Bret McCabe of the Baltimore City Paper reviews Blackalicious' Blazing Arrow and Anti-Pop Consortium's Arrhythmia in one bite:

"Blackalicious' Blazing Arrow is the more accessible of the two thanks to Xcel's way with infectious beats. Xcel culls from the same '70s sex-you-up funk as Outkast, only Xcel is more fond of feeding the soul with a groove instead of tickling the booty bone. Cuts such as "4,000 Miles" and "Chemical Calisthenics" (on which Gab freestyles wild) do roll with a party vibe, but Blackalicious' bread and butter is deft displays of wisdom and skill. "Paragraph President" and the splashing beat of the title track take West Coast positivity and tack it onto memorably catchy songs."

David Wollock ofEast Bay Express says:

"But one of Blazing Arrow's strengths is that Gab actually writes cohesive raps that stick to a particular theme, in contrast to so many hip-hop tunes that change course whenever the MC runs out of thematic punch lines. More importantly, while many indie, underground, or conscious rappers devote a lot of time pontificating on the degenerate state of hip-hop, pointing out the foibles of their gangsta/playa peers, songs on Arrow focus less on diagnosing hip-hop's diseased colon and more on Zenlike notions of faith, peace of mind, and the simple pleasures along the road of life. Blackalicious, it seems, is leading by example."

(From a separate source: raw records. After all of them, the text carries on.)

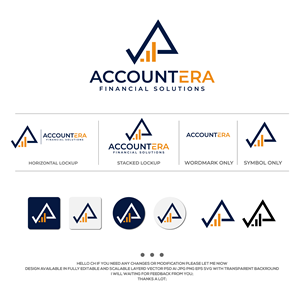 Design de Logo par akdesign100 pour ce projet | Design : #37647310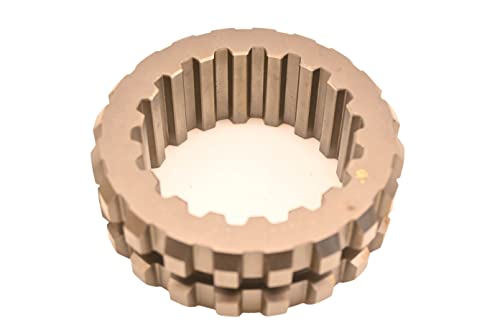 Eaton Fuller 21360 Clutch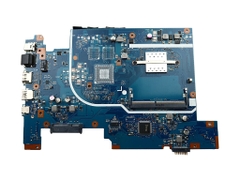 Main ASUS VIVOBOOK 17 X705MA PENTIUM N5000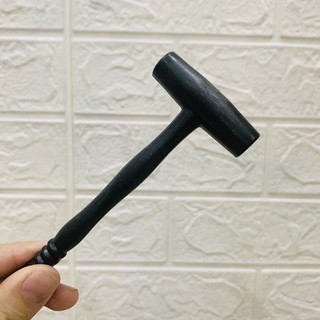 Búa hỗ trợ lắp ráp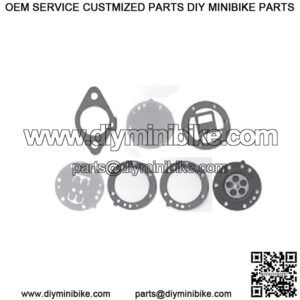 Import placeholder for 520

And Tony Ware of Creative Loafing Atlanta says:

"Yet for all Blazing Arrow's guest threads and patches, Gift of Gab's intuitive splattered syllables ultimately provide the most intricately patterned material. "Gab is an MC in the tradition of the greats, in that he sees himself as a musician first and foremost, and sees his voice as his instrument," Xcel says."

Stay tuned, I might be reviewing this joint soon myself. That is if I can get my editors to believe in me again. As you know, a person with three jobs, full time grad school, and a breakup that took several months to finalize, may not have all that much time to write. So yeah, I've missed a few deadlines and have probably strained some relationships. But hopefully these editors will see that my energy and enthusiasm are solid and I'm back on top of my game. And hopefully you'll get to see some more of my writing again soon. Also have another interview coming up this week, other than that CTC in Queens. Really don't want to give out too much information on that one, I'd really be pissed if I jinxed myself on it. Only if I get it will you folks hear about it.